All’inizio del 2006 aveva cancellato il tour per motivi di salute, diceva educatamente la sua etichetta discografica, la Matador. Il New York Times ci informa che in realtà i sedicenti problemi di Cat Power erano il suo alcolismo e il suo conseguente desiderio di morire. E per superare questo nefasto bisogno non lesinava su antidepressivi

All’inizio del 2006 aveva cancellato il tour per motivi di salute, diceva educatamente la sua etichetta discografica, la Matador. Il New York Times ci informa che in realtà i sedicenti problemi di Cat Power erano il suo alcolismo e il suo conseguente desiderio di morire.
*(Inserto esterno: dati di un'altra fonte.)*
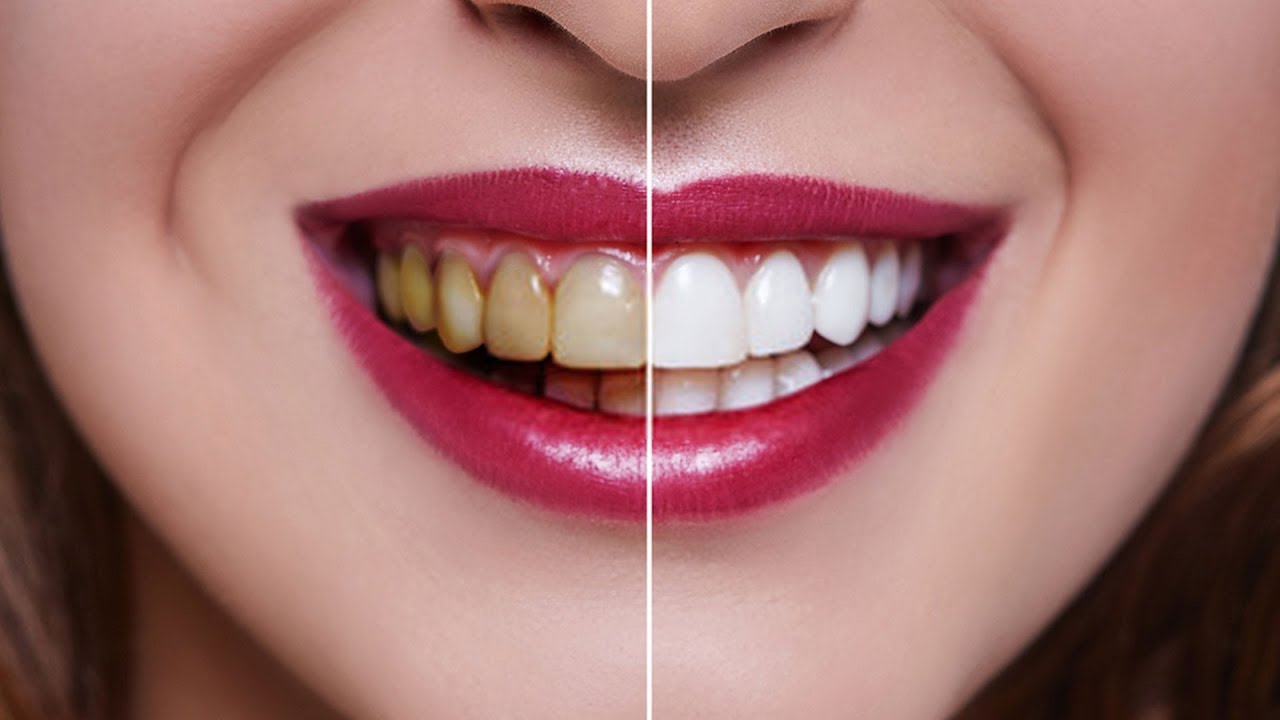 does oil pulling work on cavities If You Tried Oil Pulling For One Week Here's What Happened!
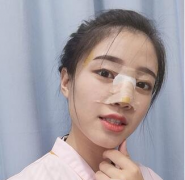 哈爾濱醫(yī)大二院美容科隆鼻效果咋樣?附隆鼻術(shù)后案例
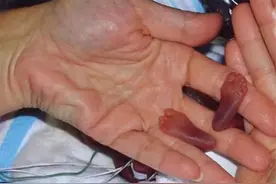 06年，美国一名仅280克的早产女婴出生，15年过去，现已长成女神图片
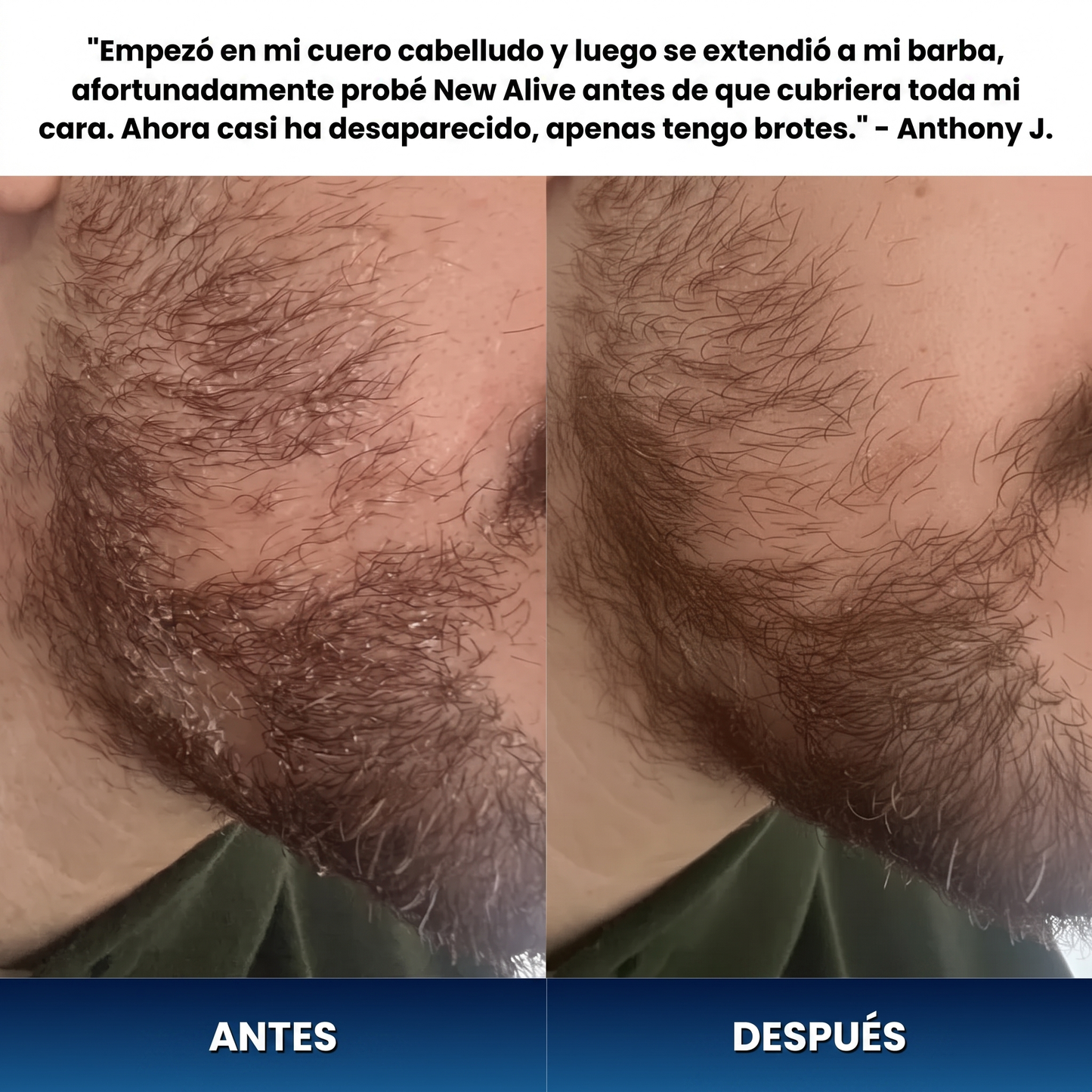 Crema Anticaspa para Barba y Cuero Cabelludo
E per superare questo nefasto bisogno non lesinava su antidepressivi come Xanax e Effexor. E i suoi concerti erano una serie di insulti al pubblico, cambi improvvisi di canzone (magari nel bel mezzo dell’esecuzione di un’altro brano), maledizioni e altri ameni diversivi. La sua (triste) storia, fatta di alcol e droghe comincia da bambina quando la madre le metteva birra nel biberon. E con il passare del tempo la situazione si aggrava talmente tanto da raggiungere il culmine a Gennaio di quest’anno quando la cara Cat decide di non farcela più, non esce di casa, ascolta Miles Davis a ripetizione, spegne il telefono e smette di dormire e mangiare, bevendo per dimenticare e pregando di morire. Fino a quando un’amica la trova mentre, con un accendino, cerca di cacciare gli spiriti maligni dall’appartamento. Dopo una sana riabilitazione ora è tornata in forma, pronta a registrare e promette di non bere nè assumere sostanze illecite. E pensare che siamo nel 2006 e come dice Keith Richards, ormai le droghe sono troppo deboli per fare effetto. Insomma, non sono più quelle di una volta, perchè rovinarsi il cervello per qualcosa che non funziona?